Soon it was December in Rome, and a number of my LIVE friends were still assiduously plugging away at Gears of War. I finally asked one of them in a message: “how is that, anyway?” He typed back: “incredible. can’t stop playing. like an action movie. co-op astounding.” I headed out to buy a copy but, no matter where I went in Rome, Gears of War was sold out. I ordered a copy from Amazon UK and, due to the seeming lethargy of cross-region postal services, it arrived in my mailbox only a few weeks later. My parents and my brother and his family had just arrived in Rome for Christmas, and so the night I finally got around to playing Gears, it was late. I decided to host a co-op session. A few moments later, a guy with a decidedly French gamertag hopped on. He spoke only a little English, which was ten times more than the French I spoke, but neither of us minded, and, together, we marched into the breach.

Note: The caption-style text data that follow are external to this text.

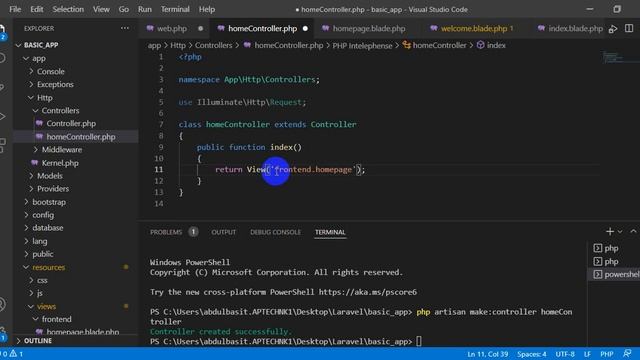 LECTURE # 3 HOW TO SEND DATA FROM CONTROLLER TO VIEW IN LARAVEL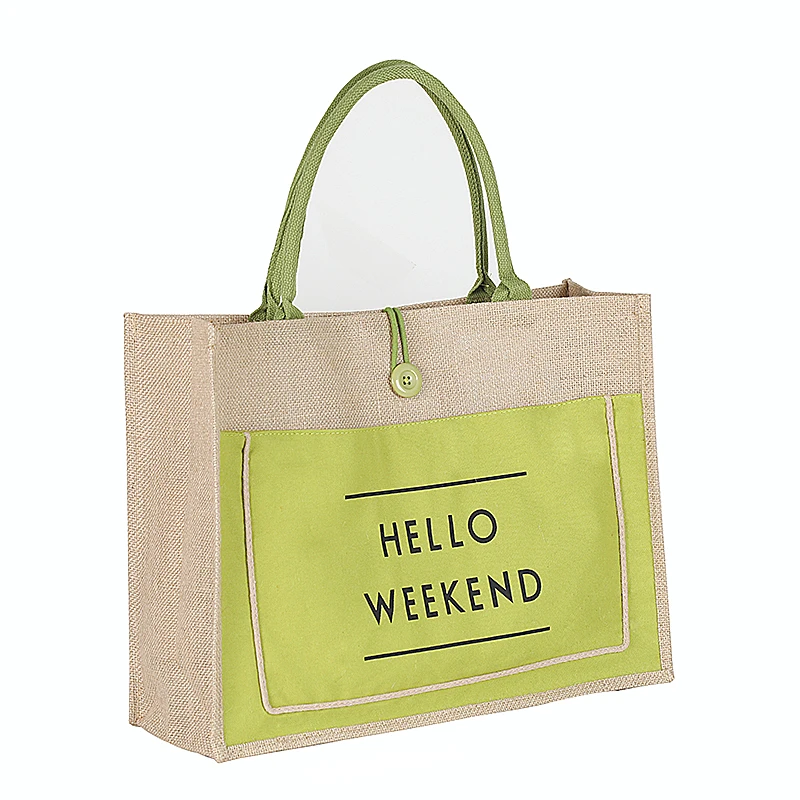 3 цвета, европейский стиль, женские джутовые сумки Hello Weekend из хлопка, женские пляжные сумки большого размера для девочек, сумки на плечо с принтом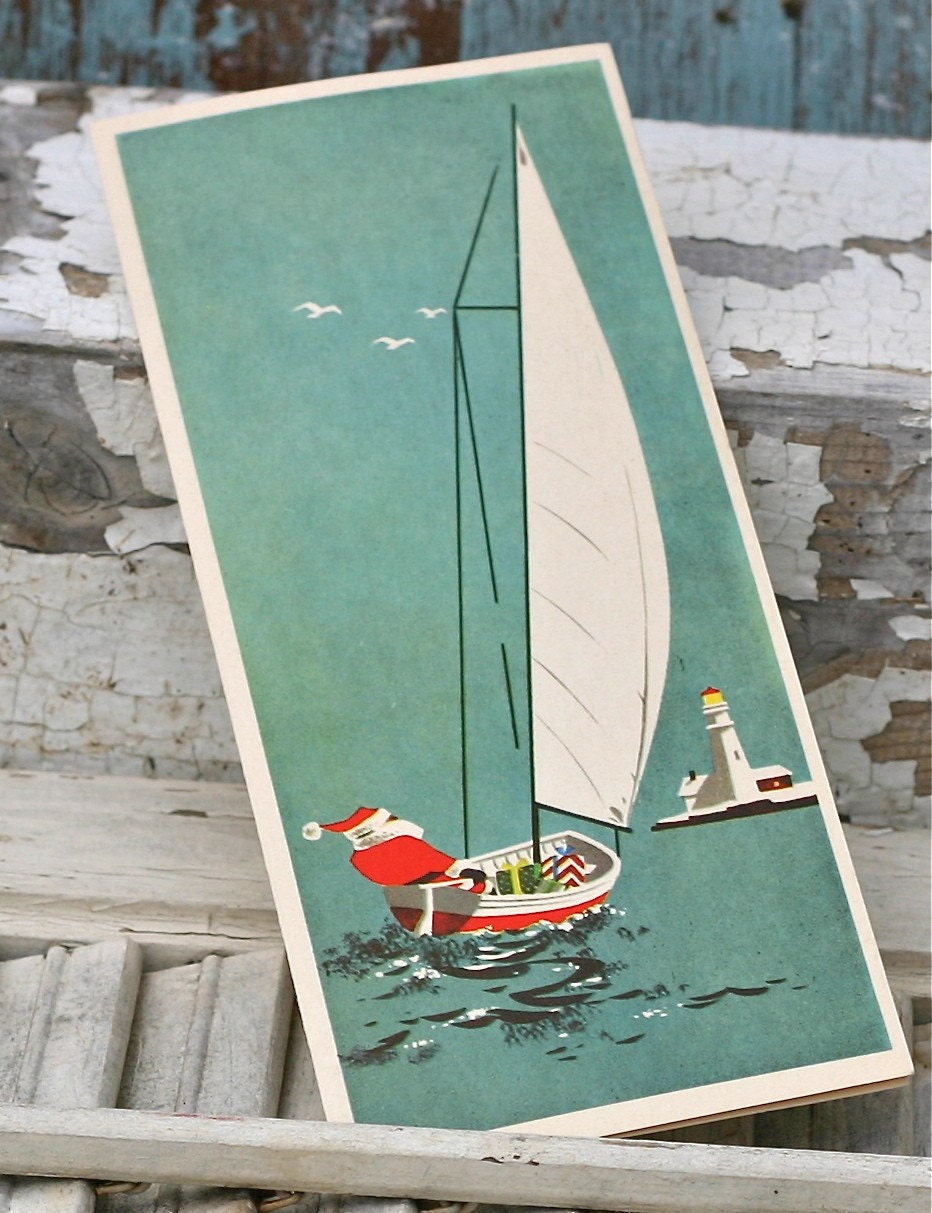 Vintage Mid Century Christmas Cards Santa Sailboat 2373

These days, Gears of War, despite being one of the most critically acclaimed games of this generation, earns the occasional knock for lacking innovation. The august authority, Wikipedia, in its summary of the first Gears‘s reception, makes note of this, citing some spanking admonishment courtesy of Eurogamer: “[L]et’s not pretend that we’re wallowing in the future of entertainment. What we have here is an extremely competent action game.”
The first time I played Gears I was not monitoring its innovation levels, but I was certainly struck by its competence. Gears was so polished it practically gleamed. From the mold and dried blood all over the walls and floor of the prison in which the game opens to the naturalistic voice acting, and from the responsiveness of the controls to the way its enemies behaved under fire, its attention to detail was like nothing I had seen.1 The more I played Gears, the more it drew me in.
For one thing, the game’s obvious cinematic aspirations seemed unusually well integrated into the gameplay, and its cutscenes were brisk, evocative, and decidedly mysterious. I had no idea, at the time, that these brief cutscenes were giving the Xbox 360’s hardware the necessary breathing room to stream in the next bits of environment, which preserved the player’s sense of spatial continuity. There are exceedingly few load screens in Gears of War. Almost every environment across which you walk (or, later, drive) has a clear relationship to the previous environment. Indeed, in the highly unlikely event that the person playing Gears does not perish, it is possible to walk across much of the Gears landscape with only a few seconds’ worth of LOADING announcements. That was something very few gamers had ever seen before,2 given that the only game to do this until that point was 1998’s Soul Reaver. Most “cinematic” games, then and now, simply teleport the player from one location or sequence to the next, but Gears put its cinematic aspirations to a clever double purpose.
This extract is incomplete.